Эстетической действенностью наделено практически всякое слово, но литература начинается там, где слово становится самоцелью, не выступает в своей практической, утилитарной функции. Айхенвальд писал: «Литература для меня не просто искусство среди других искусств, а что-то другое, какая-то интимность, из теплых конкретностей бытия приближающая ко мне его отвлеченный смысл»431.

Волей художника в иррациональном акте творчества, постигая смысл бытия, литература «творит жизнь, а не отражает ее <…>. Она сверхвременна и сверхпространственна. Писатель живет всегда и везде. Он своим современникам не современник»432. Литературное произведение конденсирует в себе личность автора: «Книга – предмет одушевленный: под ее обложкой, на ее страницах живет душа, духовная монада…»433 Отношение художника к миру повторяется в отношении читателя к художественному произведению (выступающему для него таким же самоценным художественным миром): «Не только писатель определяет читателя, но и читатель – писателя: первый создает последнего по образу и подобию своему, симпатически выявляя его сущность»434. Читатель никогда не вычитывает точно того, что вложил в произведение писатель, он дополняет писателя, вступает с ним в диалог, «вчитывает себя в лежащие перед ним страницы»435. Из такого понимания литературы и процесса чтения вытекает и своеобразная трактовка роли критика. Критик – в принципе такой же читатель, как другие. Для Айхенвальда «критик – эхо поэта, и в том состоит его назначение, чтобы услышать и ответить, чтобы принять поэтический звук и замысел в свое сердце и из сердца откликнуться на него»436. Конечно, как и всякий читатель, критик произволен и вторичен, он зависит от разбираемого произведения. В принципе он не нужен, литература может существовать и без него. Но пока он полезен: как наиболее подготовленный и талантливый из читателей он воспитывает других – более торопливых и менее чутких437.

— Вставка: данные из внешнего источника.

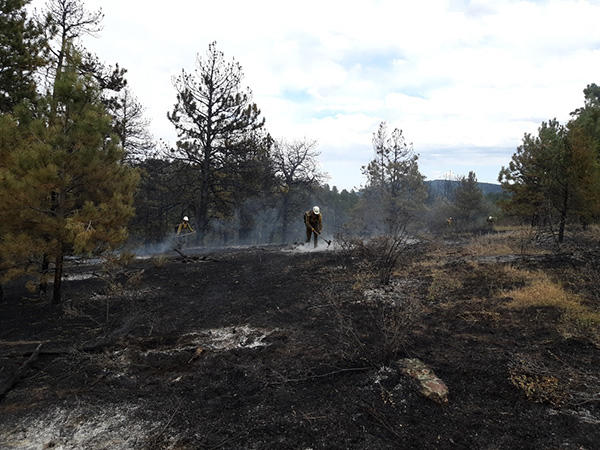 Bald Mountain wildland fire hotspots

Небольшой элемент творчества, который есть у критика, связан с тем, что хотя он «и располагает материалом чужих слов, однако он говорит о них словами своими»438.

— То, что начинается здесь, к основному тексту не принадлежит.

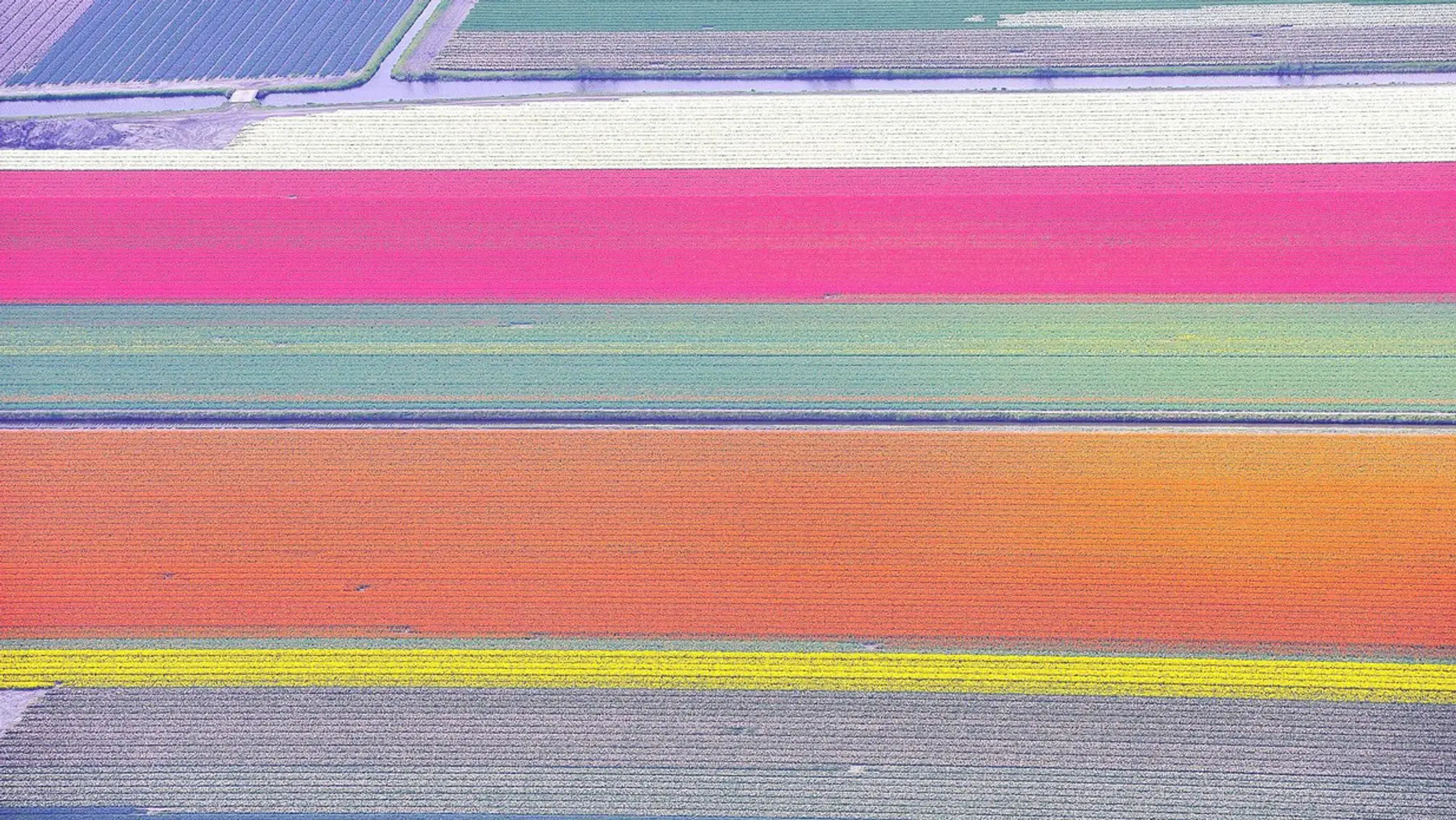 Tulipánové pole z Holandska.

Айхенвальдовские «Силуэты…»439 имели не только поклонников, но и непримиримых противников. Одни из них, представители культурно-исторической школы в литературоведении, отвергали творчество Айхенвальда, утверждая, что «его “силуэты” нередко теряют всякое сходство с оригиналом, не передают того, что определяет значение данного писателя в ходе истории русской литературы»440.

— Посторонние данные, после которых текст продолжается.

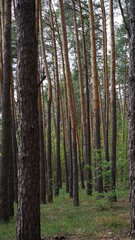  forest flowers and trees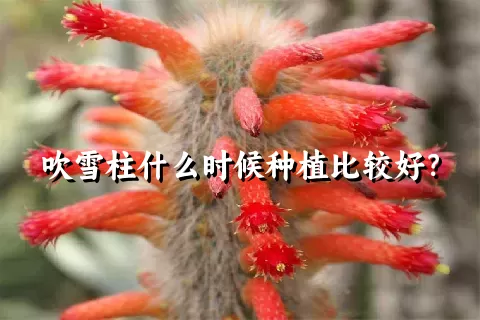 吹雪柱什么时候种植比较好？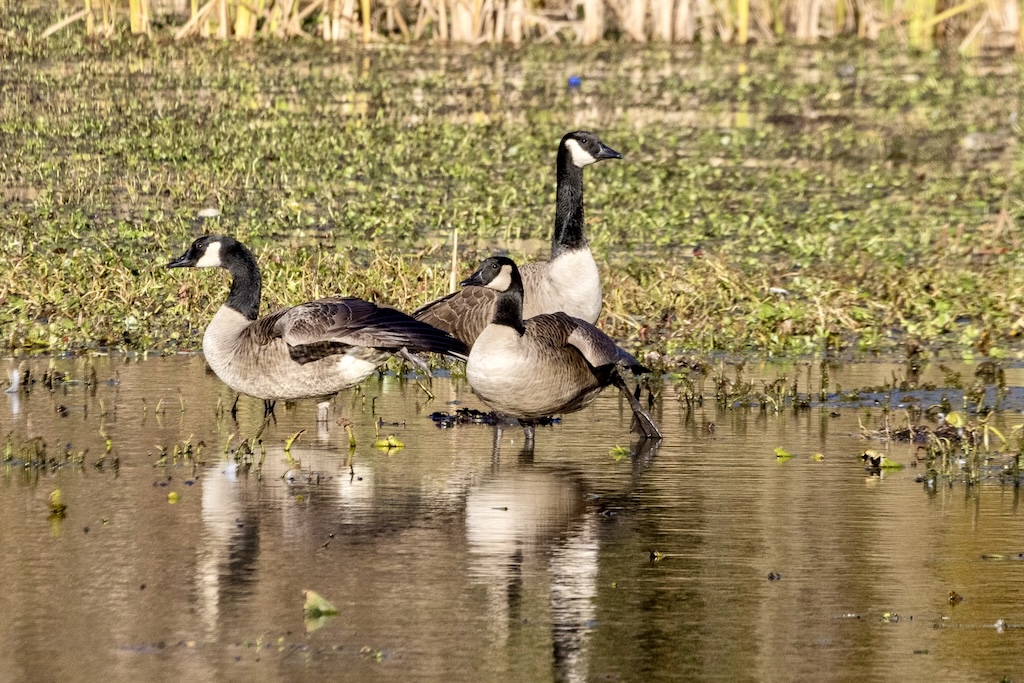 Three Canada geese standing in shallow water.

Другие оппоненты указывали, что Айхенвальд нередко эклектичен и непоследователен, прокламируя рассмотрение художника вне связи с обществом и историей, а на практике вводя апелляции к биографии, письмам и т.п. в свою объяснительную схему441.

Третьих, наконец, как правило – представителей более молодого литературного поколения, не удовлетворяли его эстетические взгляды. Например, В. Ходасевич упрекал его не только в дилетантизме и неоригинальности, но и в «простодушном эстетизме» и «умиленно-слащавом голосе», которым он говорит о Пушкине442. Андрей Белый в воспоминаниях писал о «сахарном либерализме-модерн» Ю.И. Айхенвальда443.

Однако, проявляя эклектичность в методологии, Айхенвальд был исключительно искренен и последователен на практике, в изложении своих взглядов. Он никогда не скрывал и не смягчал выводов, к которым пришел. Это не раз приводило к скандальной ситуации: ожесточенным нападкам и бурной полемике. Так случилось в 1910 г., когда В. Брюсов был на вершине славы, а Айхенвальд пришел к выводу, что «от Господа он никакого таланта не получил и сам вырыл его из земли заступом своей работы», и отмечал у него «величие преодоленной бездарности»444.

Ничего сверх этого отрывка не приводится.